Fundamental properties of solar-like oscillating stars from frequencies of minimum $\Delta \nu$: I. Model computations for solar composition

TL;DR

This study reveals that the minima in the large frequency separation of solar-like oscillations, linked to the He II ionization zone, serve as precise diagnostics for determining fundamental stellar properties such as mass, radius, and age.

Contribution

It introduces a new method using minima in the large frequency separation to accurately infer stellar parameters and develops an asteroseismic diagram for stellar structure and evolution analysis.

Findings

Identified two minima in the large frequency separation linked to the He II ionization zone.

Established relations between these minima and stellar properties like mass and radius.

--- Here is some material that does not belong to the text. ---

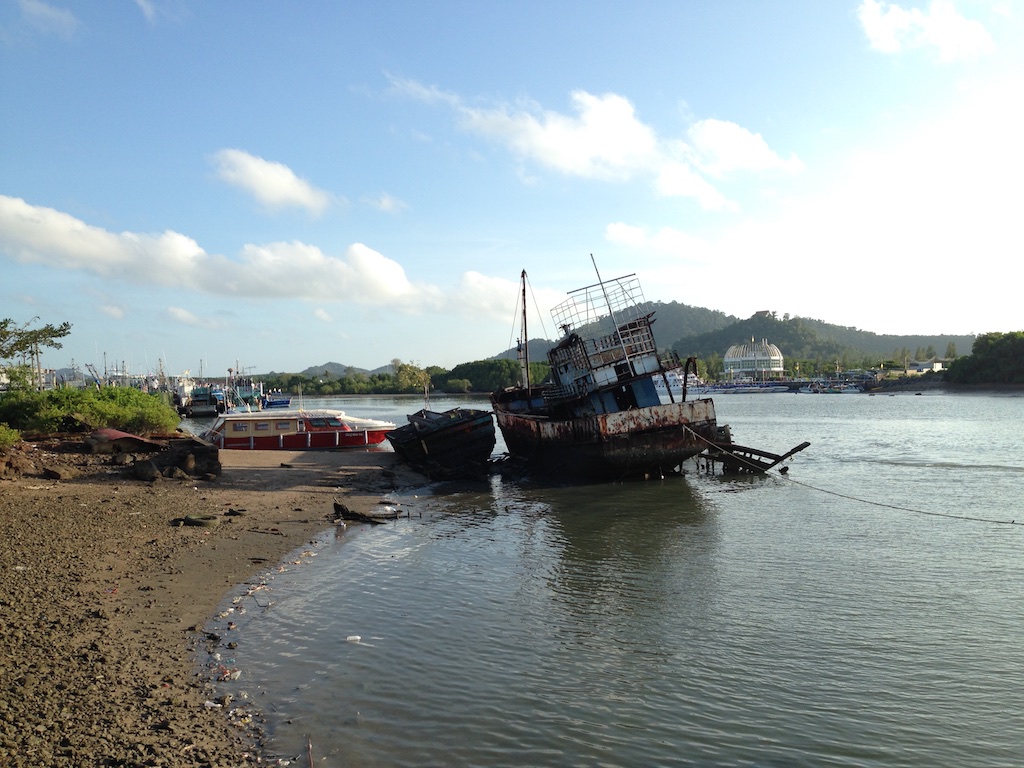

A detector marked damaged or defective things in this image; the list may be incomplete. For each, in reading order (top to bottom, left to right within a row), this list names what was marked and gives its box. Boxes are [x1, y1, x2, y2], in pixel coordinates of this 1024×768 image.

Developed a new asteroseismic diagram for predicting stellar structure and evolution.

Abstract

Low amplitude is the defining characteristic of solar-like oscillations. The space projects $Kepler$ and $CoRoT$ give us a great opportunity to successfully detect such oscillations in numerous targets. Achievements of asteroseismology depend on new discoveries of connections between the oscillation frequencies and stellar properties. In the previous studies, the frequency of the maximum amplitude and the large separation between frequencies were used for this purpose. In the present study, we confirm that the large separation between the frequencies has two minima at two different frequency values. These are the signatures of the He {\small II} ionization zone, and as such have very strong diagnostic potential. We relate these minima to fundamental stellar properties such as mass, radius, luminosity, age and mass of convective zone. For mass, the relation is simply based on the ratio of the frequency of minimum $\Delta \nu$ to the frequency of maximum amplitude. These frequency comparisons can be very precisely computed, and thus the mass and radius of a solar-like oscillating star can be determined to high precision. We also develop a new asteroseismic diagram which predicts structural and evolutionary properties of stars with such data. We derive expressions for mass, radius, effective temperature, luminosity and age in terms of purely asteroseismic quantities. For solar-like oscillating stars, we now will have five very important asteroseismic tools (two frequencies of minimum $\Delta \nu$, the frequency of maximum amplitude, and the large and small separations between the oscillation frequencies) to decipher properties of stellar interior astrophysics.